[DATASET EXTRACT]
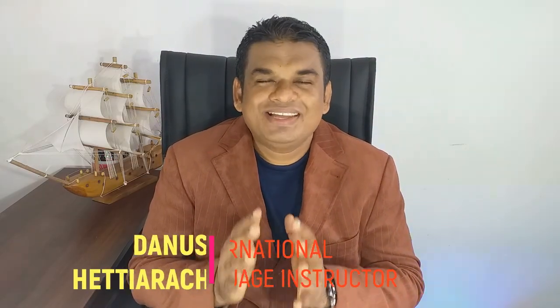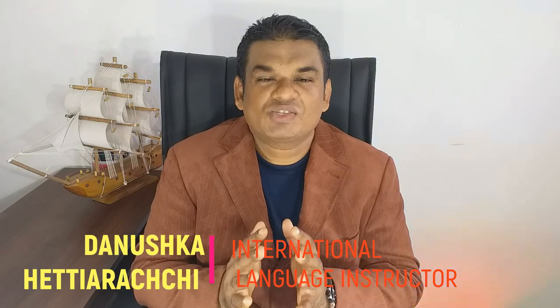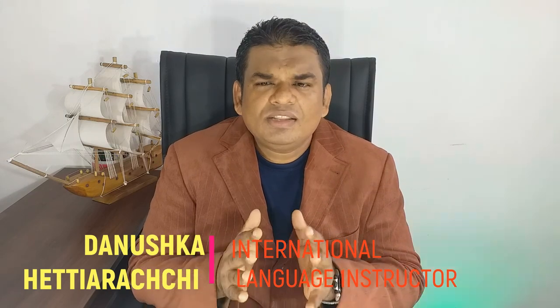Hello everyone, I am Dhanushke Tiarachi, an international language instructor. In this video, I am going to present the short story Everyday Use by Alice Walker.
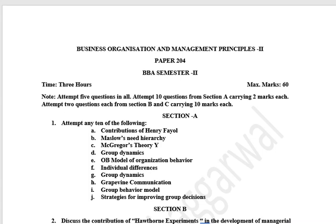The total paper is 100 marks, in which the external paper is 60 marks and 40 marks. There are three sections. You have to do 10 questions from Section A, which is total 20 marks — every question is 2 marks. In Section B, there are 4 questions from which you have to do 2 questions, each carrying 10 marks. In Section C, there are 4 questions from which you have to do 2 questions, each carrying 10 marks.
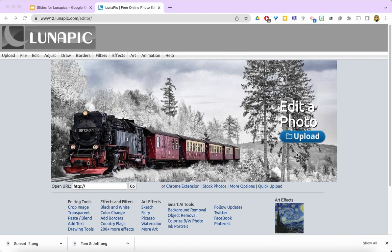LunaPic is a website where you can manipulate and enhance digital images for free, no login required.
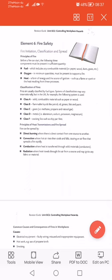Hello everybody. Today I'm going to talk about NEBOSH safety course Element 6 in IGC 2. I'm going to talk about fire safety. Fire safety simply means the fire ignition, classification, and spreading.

---

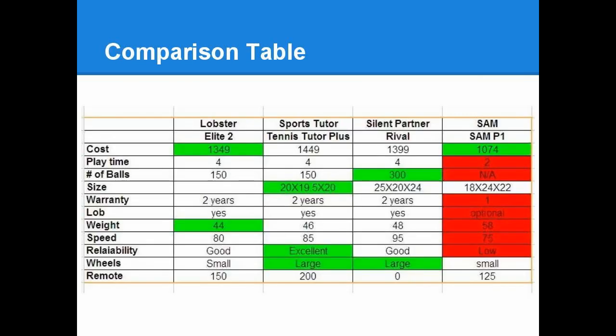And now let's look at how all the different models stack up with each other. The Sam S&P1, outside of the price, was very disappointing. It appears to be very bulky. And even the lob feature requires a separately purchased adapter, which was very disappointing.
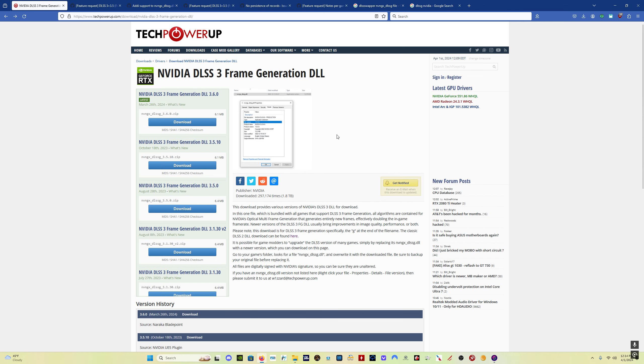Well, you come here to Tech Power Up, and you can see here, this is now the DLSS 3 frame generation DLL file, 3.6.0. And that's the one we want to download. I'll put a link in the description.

[WORK ORDER] Write out the lines above from the one with "LunaPic is a" through the one with "Hello everybody. Today", ends included, exactly; no picture goes in.

[RESULT]
LunaPic is a website where you can manipulate and enhance digital images for free, no login required.
Hello everybody. Today I'm going to talk about NEBOSH safety course Element 6 in IGC 2. I'm going to talk about fire safety. Fire safety simply means the fire ignition, classification, and spreading.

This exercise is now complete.